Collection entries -
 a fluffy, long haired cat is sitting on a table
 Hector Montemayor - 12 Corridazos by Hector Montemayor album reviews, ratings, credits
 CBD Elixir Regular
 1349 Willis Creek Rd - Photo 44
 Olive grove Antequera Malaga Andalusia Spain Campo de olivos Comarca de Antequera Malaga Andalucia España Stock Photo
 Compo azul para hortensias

--

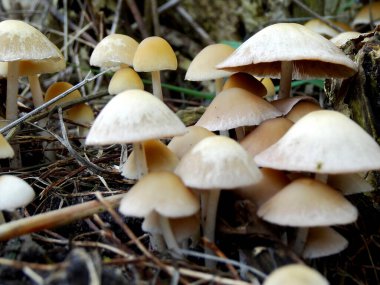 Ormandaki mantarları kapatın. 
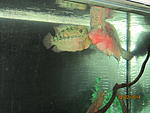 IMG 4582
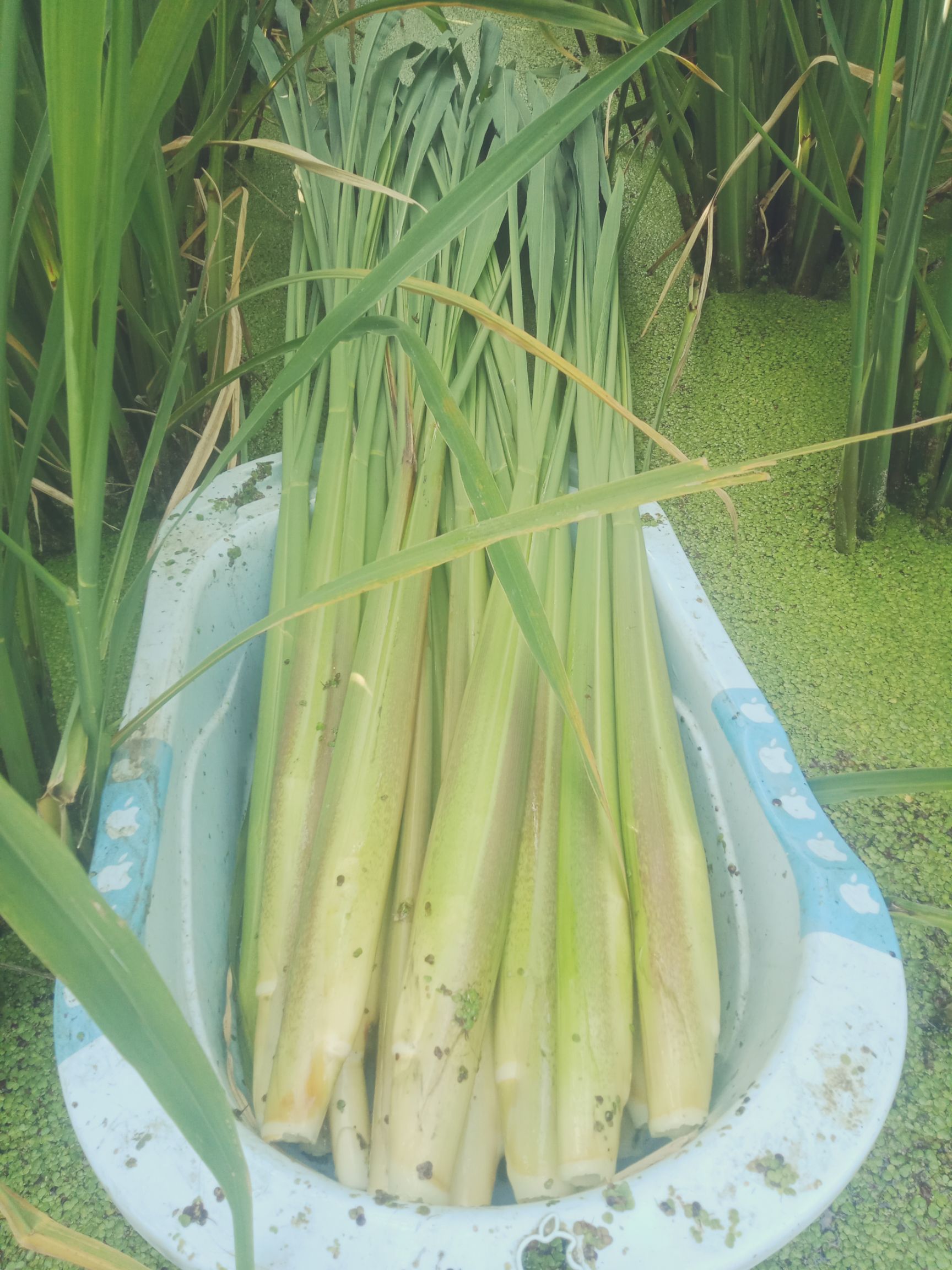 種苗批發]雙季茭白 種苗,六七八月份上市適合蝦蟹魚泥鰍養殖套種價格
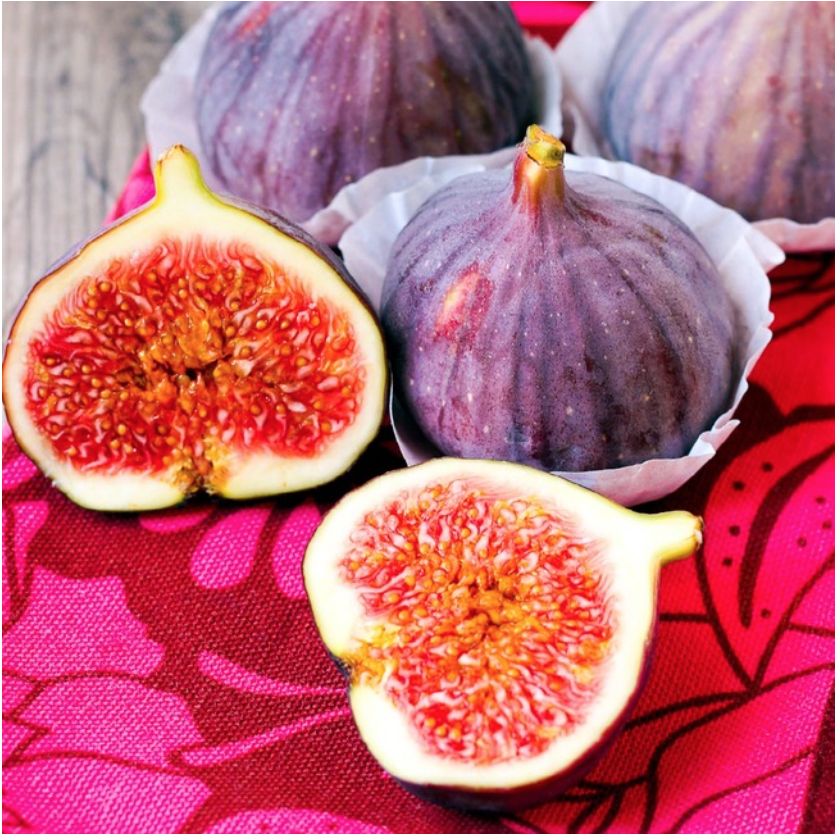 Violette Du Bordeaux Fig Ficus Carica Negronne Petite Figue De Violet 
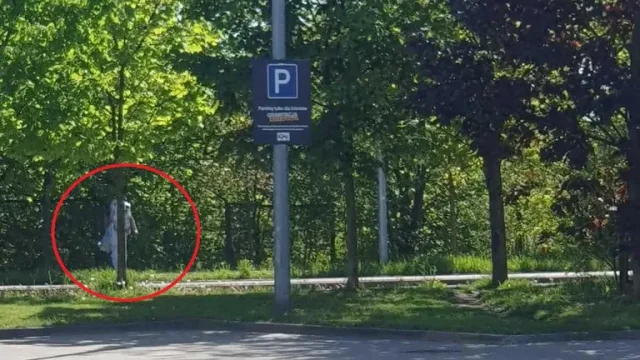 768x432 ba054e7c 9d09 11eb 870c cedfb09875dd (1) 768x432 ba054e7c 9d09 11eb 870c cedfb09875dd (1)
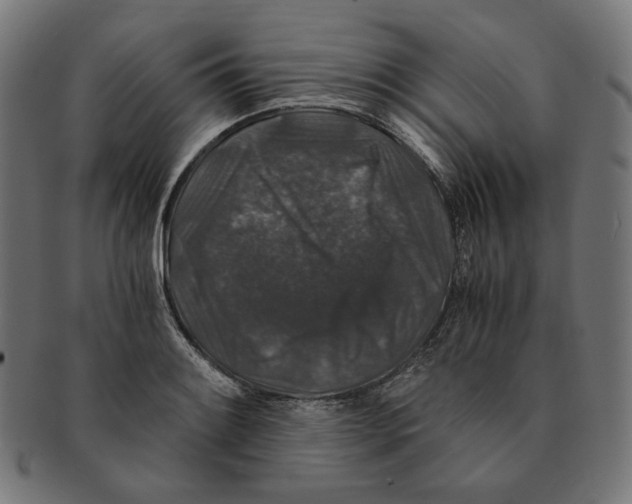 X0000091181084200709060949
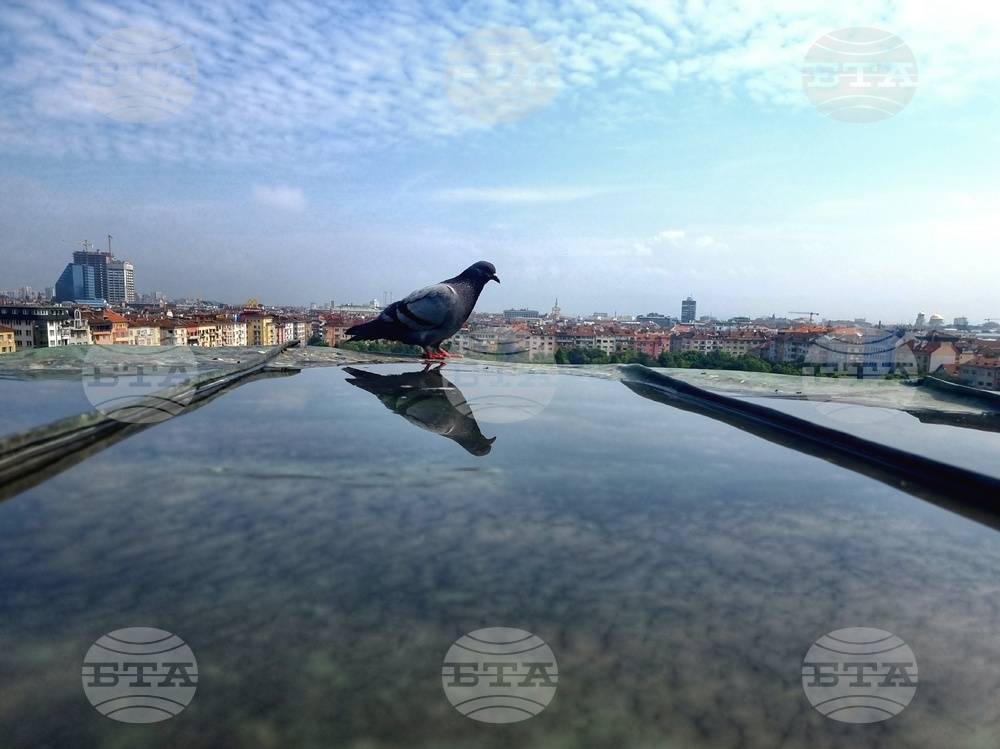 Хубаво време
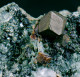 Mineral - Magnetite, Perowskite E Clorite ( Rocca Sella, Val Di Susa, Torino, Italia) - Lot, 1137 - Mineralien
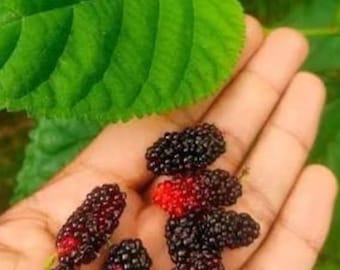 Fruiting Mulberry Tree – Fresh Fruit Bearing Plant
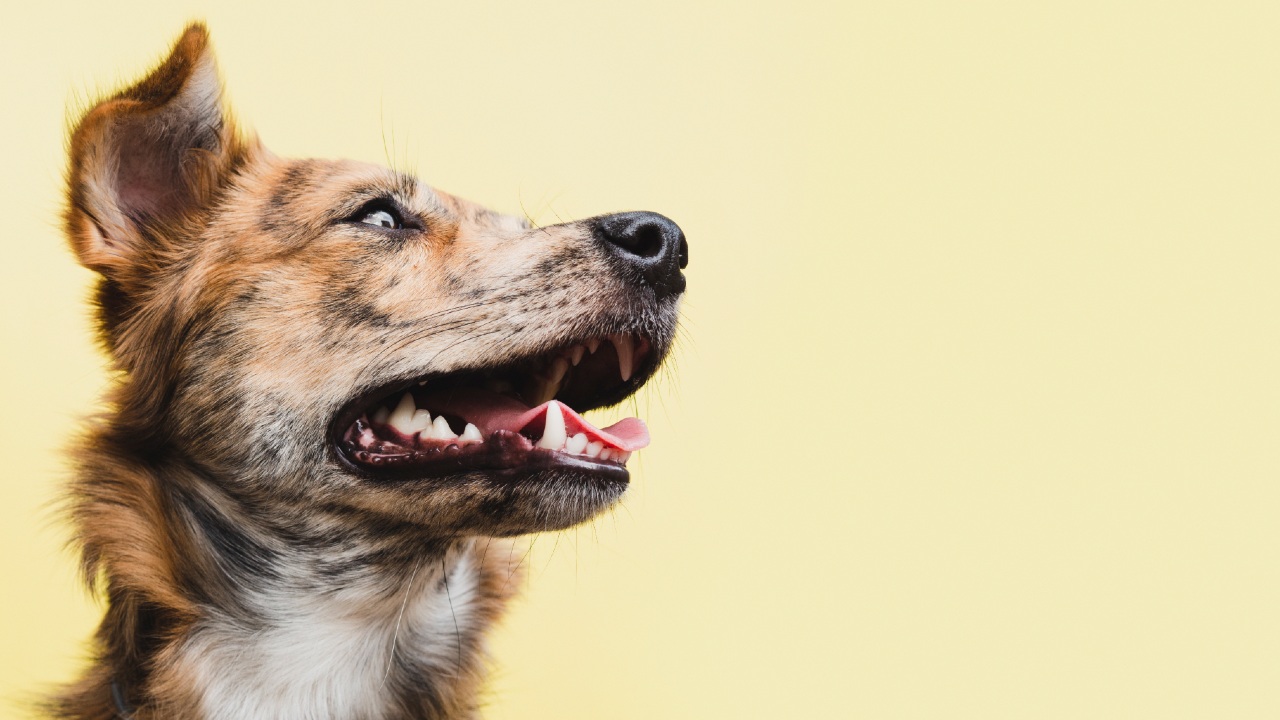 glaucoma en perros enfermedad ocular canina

--

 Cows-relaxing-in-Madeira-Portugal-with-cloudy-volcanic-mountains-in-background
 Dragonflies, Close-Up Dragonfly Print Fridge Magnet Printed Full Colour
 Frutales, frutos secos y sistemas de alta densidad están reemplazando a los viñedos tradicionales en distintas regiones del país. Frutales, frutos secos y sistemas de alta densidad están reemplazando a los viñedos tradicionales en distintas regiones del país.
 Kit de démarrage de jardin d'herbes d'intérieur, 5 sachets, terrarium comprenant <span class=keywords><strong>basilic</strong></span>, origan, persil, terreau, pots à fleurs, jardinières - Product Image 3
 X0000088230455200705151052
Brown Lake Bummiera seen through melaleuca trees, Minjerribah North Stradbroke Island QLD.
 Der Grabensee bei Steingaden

DESCRIPTION OF THE TASK - List each line of the entries that holds the string "Photo".

REPLY TO THE EXERCISE -
 1349 Willis Creek Rd - Photo 44
 Olive grove Antequera Malaga Andalusia Spain Campo de olivos Comarca de Antequera Malaga Andalucia España Stock Photo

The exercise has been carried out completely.